27. [-mensurável] Nunca pensei que eu fosse gostar de grupo de família e cá estou eu me divertindo horrores. Ainda faz eu sentir saudade. É o isolamento mudando a gente. [PB, Twitter, 2020]

Em (26), com o verbo “lucrar”, é possível cogitar, até precisamente (indicando uma quantia), a dimensão desse lucro, que está sendo intensificado por “horrores”, logo, o verbo é [+mensurável]; por outro lado, em (27), o verbo “divertir” não nos permite medir, de modo relativamente preciso, a diversão, sendo, portanto, [-mensurável]. No primeiro, pode-se quantificar o lucro. No segundo caso, pode-se, no máximo, estimar em muito ou pouca diversão (mensuração escalar/gradual, menos precisa).
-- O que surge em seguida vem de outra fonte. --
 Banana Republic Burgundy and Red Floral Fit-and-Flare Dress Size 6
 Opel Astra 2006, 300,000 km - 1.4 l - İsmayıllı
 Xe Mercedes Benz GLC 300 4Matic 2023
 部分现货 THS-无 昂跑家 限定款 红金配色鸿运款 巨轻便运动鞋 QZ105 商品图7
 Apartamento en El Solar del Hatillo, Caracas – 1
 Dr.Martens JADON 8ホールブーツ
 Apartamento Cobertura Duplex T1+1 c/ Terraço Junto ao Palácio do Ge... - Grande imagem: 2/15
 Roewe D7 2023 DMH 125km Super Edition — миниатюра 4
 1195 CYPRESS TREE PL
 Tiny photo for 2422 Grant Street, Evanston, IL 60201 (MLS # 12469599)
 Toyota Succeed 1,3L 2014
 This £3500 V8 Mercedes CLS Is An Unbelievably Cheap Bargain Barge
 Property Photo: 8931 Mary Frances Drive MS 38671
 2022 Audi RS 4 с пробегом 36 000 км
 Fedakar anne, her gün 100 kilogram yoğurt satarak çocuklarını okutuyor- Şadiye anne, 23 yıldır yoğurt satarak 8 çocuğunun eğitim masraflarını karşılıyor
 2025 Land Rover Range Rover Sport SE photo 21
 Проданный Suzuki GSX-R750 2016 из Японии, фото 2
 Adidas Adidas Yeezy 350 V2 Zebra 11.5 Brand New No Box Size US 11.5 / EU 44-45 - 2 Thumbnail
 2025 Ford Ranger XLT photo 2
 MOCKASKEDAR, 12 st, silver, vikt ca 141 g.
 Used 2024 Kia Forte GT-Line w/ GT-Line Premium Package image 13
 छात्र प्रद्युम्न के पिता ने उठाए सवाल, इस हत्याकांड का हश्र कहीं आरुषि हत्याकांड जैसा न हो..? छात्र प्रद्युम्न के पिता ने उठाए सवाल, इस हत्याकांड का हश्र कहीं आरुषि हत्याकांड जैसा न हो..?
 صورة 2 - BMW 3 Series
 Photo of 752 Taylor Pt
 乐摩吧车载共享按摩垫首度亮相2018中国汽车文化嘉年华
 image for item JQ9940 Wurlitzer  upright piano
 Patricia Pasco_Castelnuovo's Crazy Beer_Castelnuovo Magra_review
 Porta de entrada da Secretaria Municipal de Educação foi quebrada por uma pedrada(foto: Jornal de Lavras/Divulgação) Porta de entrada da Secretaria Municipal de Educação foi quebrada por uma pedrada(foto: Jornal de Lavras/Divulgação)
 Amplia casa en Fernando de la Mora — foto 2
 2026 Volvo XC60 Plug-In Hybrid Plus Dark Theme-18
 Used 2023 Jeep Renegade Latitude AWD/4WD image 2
Agora, finalizada a explanação acerca da natureza semântica – do processo, do caráter [+psicológico] ou [-psicológico] e da mensuração , observemos também a carga semântica dos verbos que preenchem o slot aberto do padrão [___V horrores]. Essa categoria foi organizada em três subgrupos: [+negativa], [+positiva] e “ambas as interpretações são possíveis”.

28. [+negativa] @USER amiga quando saiu o gabarito eu chorei horrores pois tinha certeza q nao passaria. fiquei o mês inteiro deprimida [PB, Twitter, 2020]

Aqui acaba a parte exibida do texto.